I could do with an efficient way of checking the price of my competition

         

barretta

8:14 pm on Mar 31, 2004 (gmt 0)

10+ Year Member



We launched a footwear site a couple of weeks ago, the good news is, it's going really well.

What I need is an efficient way of checking my competition's pricing. We sell a particular brand of English shoe, which dosn't appear in Kelkoo or any of the other price checking web sites. There are around a dozen other sites that stock the same brand, the total range is about 100 styles, so checking our prices against the competition is really labour intensive.

Does anyone know of a tool that can help automate this process?

sun818

10:10 pm on Mar 31, 2004 (gmt 0)

WebmasterWorld Senior Member 10+ Year Member Top Contributors Of The Month



Do your competitors subscribe to any product search engines like Froogle, Yahoo! Shopping, or many of the other smaller niche product engines?

digitalv

10:20 pm on Mar 31, 2004 (gmt 0)

WebmasterWorld Senior Member 10+ Year Member



That's part of the gig, man ... staying ahead of your competitors means taking the time to research them.

In my company, that's a full time job for two people. They literally do nothing but search for and call competitors to get their prices for the same products we sell and log it in a database. Then the sales manager runs a report for the products that are less than our price and determines whether it's something we should drop our price on or not.
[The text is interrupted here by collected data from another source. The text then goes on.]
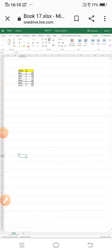Hello everyone. I am going to discuss charts in MS Excel. A chart is a graphical representation of some data. There are different types of charts present in MS Excel, for example pie chart, line chart, column chart, and other types of charts.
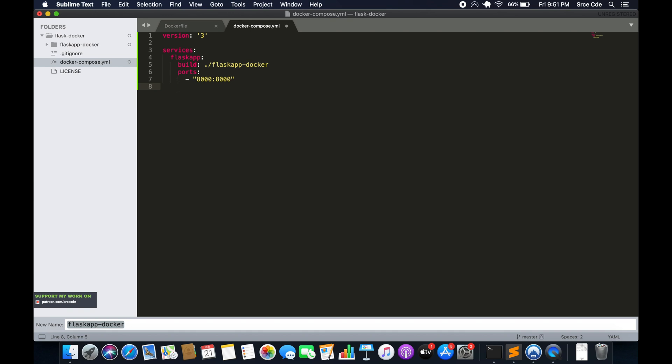There are a number of other parameters you can define — you can read through the documentation — but here we are going to define the parameters actually required for this Flask application. The last important thing is the network mode, so it's going to be 'network_mode:' and we will say 'host'.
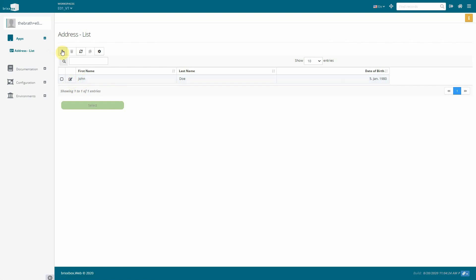We could edit this record, delete it or add new records. Thanks for watching and have a lot of fun with the Bricksbox.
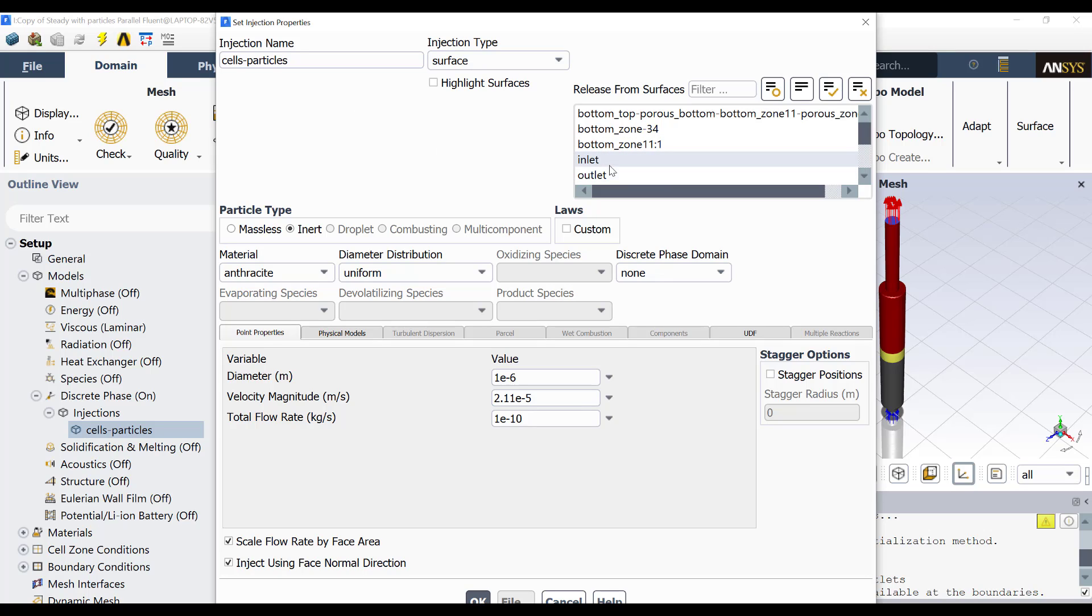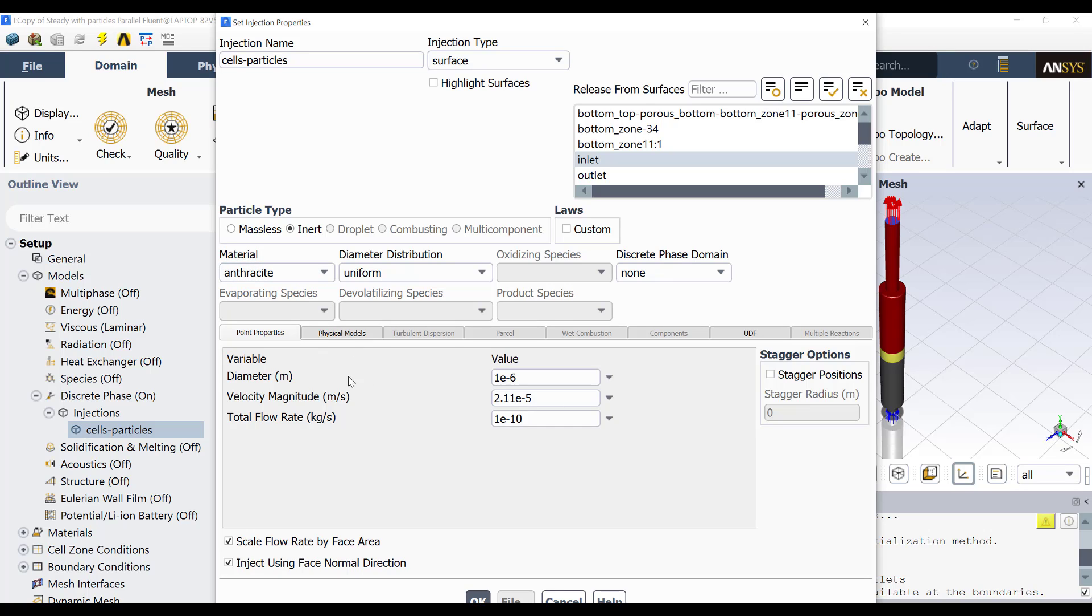The particles are injected from the inlet. There is an injection type from surface. These are inert particles. Then there is no reaction among the particles and the fluid flow. The material in this case is just for sample purposes. It is anthracite.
There is no "easy" way to do it, and if there WAS a more simple way, (1) EVERYONE would do it and it would do nothing but cut into everyone's profits, and (2) The easy way wouldn't be as accurate because everyone would be doing everything they can to find ways to keep THEIR information *out* of the easy way so no one would be able to set a price lower than them.

Best to hire someone for this than try to do it yourself, if you can afford to. Even having someone come in one or two days a week would be better than doing nothing.

One tip for you ... ebay is a great place to look. You can often find the "lowest price" on ebay, and many times it's not an individual selling an old one, but a company or distributor selling new ones. Then just click through to their website to check out their other products.

barretta

11:24 pm on Mar 31, 2004 (gmt 0)

10+ Year Member



I certainly haven't found them on anything like froogle.

As I suspected, looks like it's just going to be a manual slog.

Can't believe it would be impossible to write some code to do this though. At the end of the day, I know which products appear on which pages, and the price of the product is easy enough to spot. While the pages would change over time, at least you would only have to re-configure the code periodically. Anyone got any ideas?

your_store

12:12 am on Apr 1, 2004 (gmt 0)

10+ Year Member



What you're talking about sounds like a simple spider. I've been thinking about automating this process myself, but it's just one of many to-dos.

sun818

12:31 am on Apr 1, 2004 (gmt 0)

WebmasterWorld Senior Member 10+ Year Member Top Contributors Of The Month



You can try [google.com...] for new competitors you can track.

ish

11:11 am on Apr 1, 2004 (gmt 0)

10+ Year Member



Programming a spider that 'rips' the info you need from your competitors' sites should be relatively easy.

Or download their entire sites to your HD using a tool like HTTrack and run the spider locally.

I have no idea what the law would think of this kind of activity. It is probably a bit grey, but legal.